Last edited by freshmanweightorbust; 05-05-2009 at 09:20 AM.
I remind myself that time is passing anyway. In six months, I can be the same weight, or lighter, or heavier, and it depends on the choices I make today.
Give yourself little rewards when you pass milestones...spa pedicure with each five-pound loss, for example. If you work out five days in a row and no cheating, you can buy the X you've been wanting.
Don't give up... and remember... its better than gaining weight!
I like your vacuum reference... I used to wish I could cut off all the 'bad' parts of my body.. then finally I realized that though I cant cut it off, I can sweat it out...
I don't really have a way of coping, except that I just try to put it aside and remind myself that it doesn't matter because this is my life now. That might sound more grim than I mean it to be. I guess I just tell myself the things I told myself in the beginning, that this time it isn't going to matter when motivations/rewards fail to incite. Because I don't need to remember all my reasons, I just need to keep keepin' on.
I'd like to say, don't think about what you want to see tomorrow on the scale -- think about what you want to see by say, August on the scale. For me, thinking of how thin I can be by thanksgiving, etc.
This helps me with focus but I admit, even though I only weighed weekly at first I have in fact become somewhat obsessed with what I'll see tomorrow on the scale. And I just grumbled and rambled about my day-to-day scaling mere minutes ago in the Chat thread!
Much like JayEll, I just tell myself that in a year I can either be skinnier, the same weight, or heavier and that's all up to me.
For me, I really just have to take things one day at a time.
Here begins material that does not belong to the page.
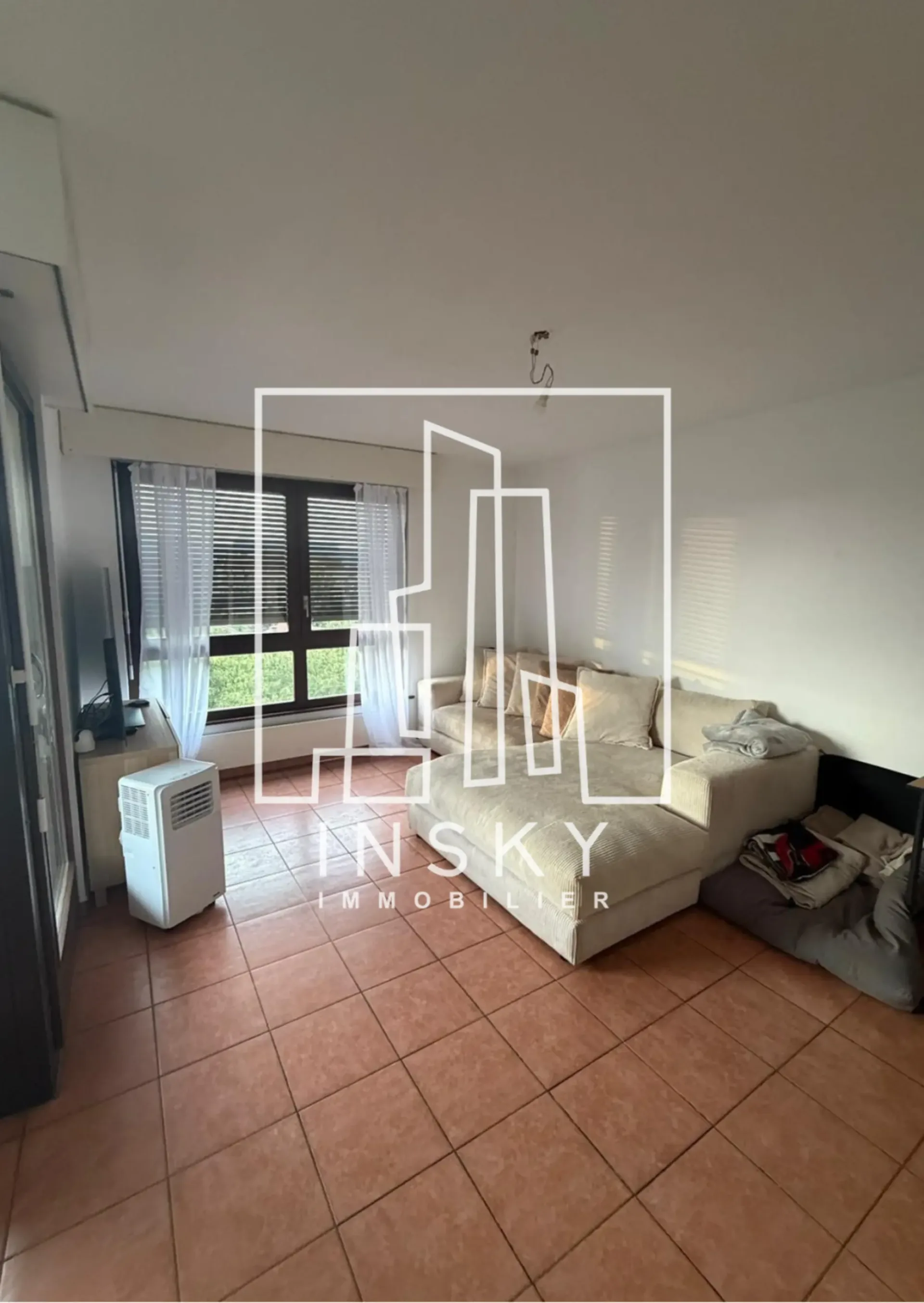 EXCLUSIVITÉ - Appartement 4 pièces situé dans le quartier de Carouge.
If I had started out thinking about how long it was going to take me to lose all of my excess weight, I would have been very depressed and might have given up. You just have to remember that time passes quicker than you think.
Now that I am older, the weight is soooooooo slow coming off. But instead of obsessing about it, I have become really interested about the details of my program ... logging foods, reading info online, posting here, exercising, listening to motivational tapes. All these activities seem worthwhile in themselves and have kept me from getting too frustrated.
I was reading an article about acts of faith (as in ... I believe I will lose weight). How do we begin when we don't know where or how it will end? The author then quotes E.L. Doctorow about the act of faith involved in writing fiction.
He once remarked that writing a novel was like driving alone at night: You could only see as far as your headlights. But you could go the whole way like that.
Hang in there, the feeling will pass. And, I'm one of those annoying "this is a journey" people (see my avatar for confirmation).
I gotta tell you - I felt like I was a snail, and I compared myself to the tortoise on this journey.
But, Jay is spot on - stick with it, and once you reach goal it will not matter one iota how long it took you to get there.
It took me 53 weeks. Now, almost a year later - it makes no difference WHEN I hit my goal - only that I stuck with my plan and continued my journey until I did.
[INDENT]He once remarked that writing a novel was like driving alone at night: You could only see as far as your headlights. But you could go the whole way like that.
Wow, I love that quote. It's perfect, not only for weight loss, but for live itself. Thanks for sharing that.